Task item:
Repeat exactly the lines below from the line that contains "New 2025 Honda Grom" to the last line, inclusive, without the pictures.

(Stored records)
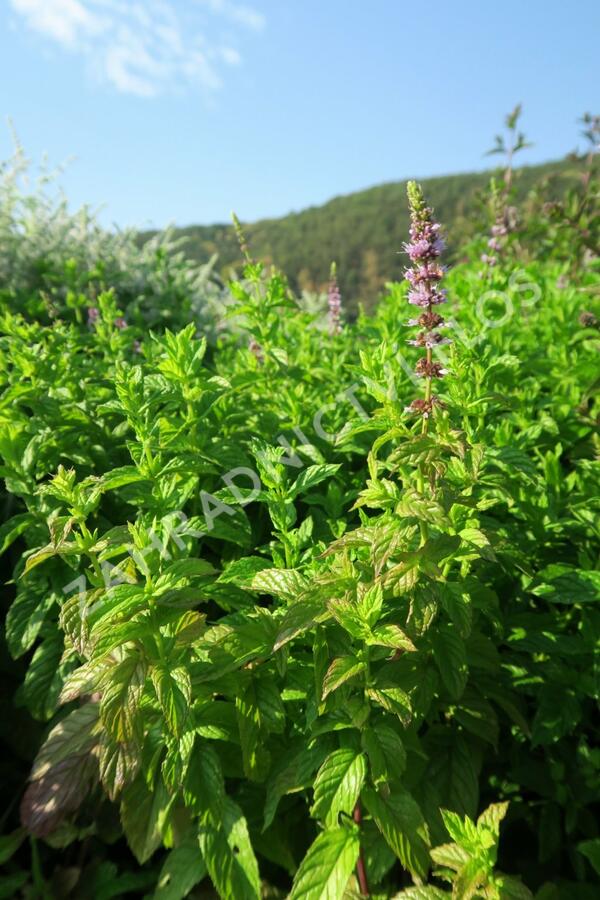 Máta peprná 'Garden Mint' - Mentha piperita 'Garden Mint'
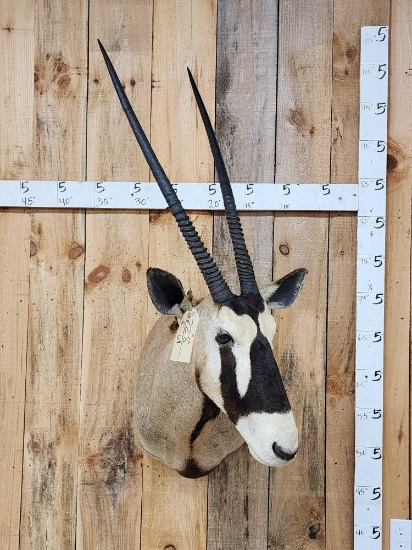 African Gemsbok Shoulder Mount Taxidermy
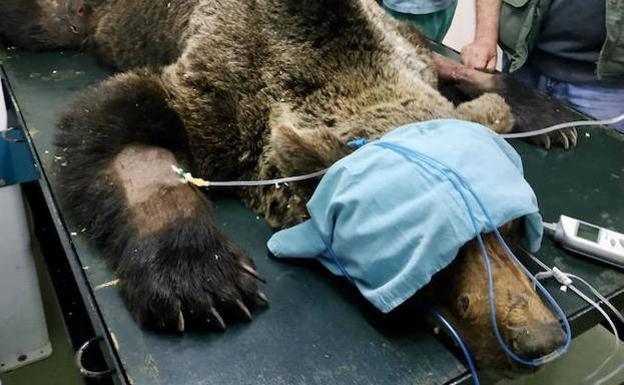 Muere el oso pardo hallado en León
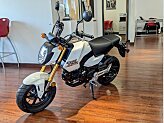 New 2025 Honda Grom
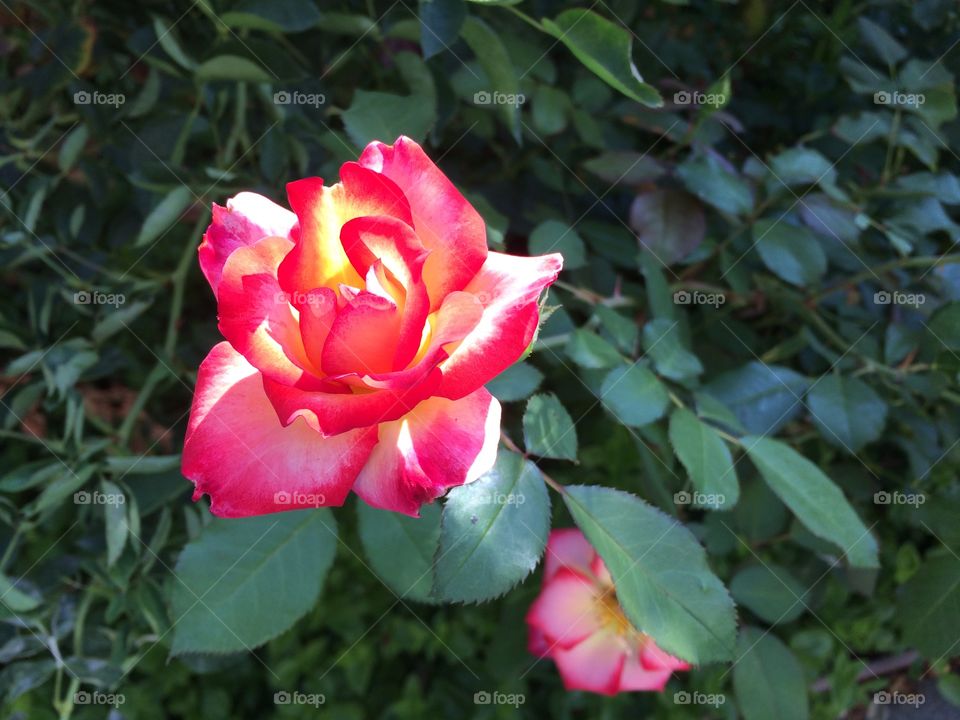 Yellow-centered red rose, single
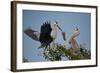 Florida, Venice, Great Blue Heron, Courting Stick Transfer Ceremony-Bernard Friel-Framed Photographic Print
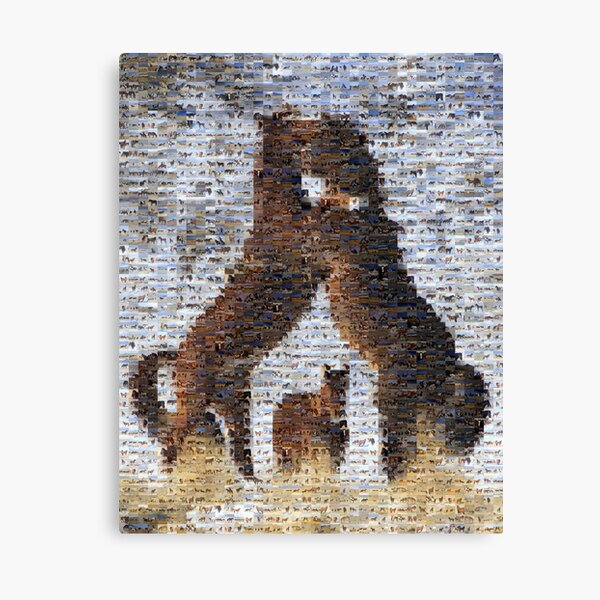 Mosiac Rivalry Canvas Print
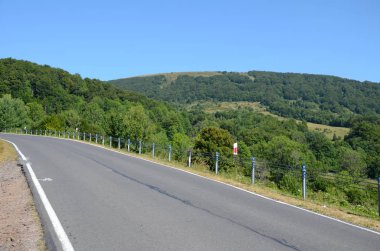 Yol (Polonya Bieszczady dağlarında)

Output of the exercise:
 New 2025 Honda Grom
 Yellow-centered red rose, single
 Florida, Venice, Great Blue Heron, Courting Stick Transfer Ceremony-Bernard Friel-Framed Photographic Print
 Mosiac Rivalry Canvas Print
 Yol (Polonya Bieszczady dağlarında)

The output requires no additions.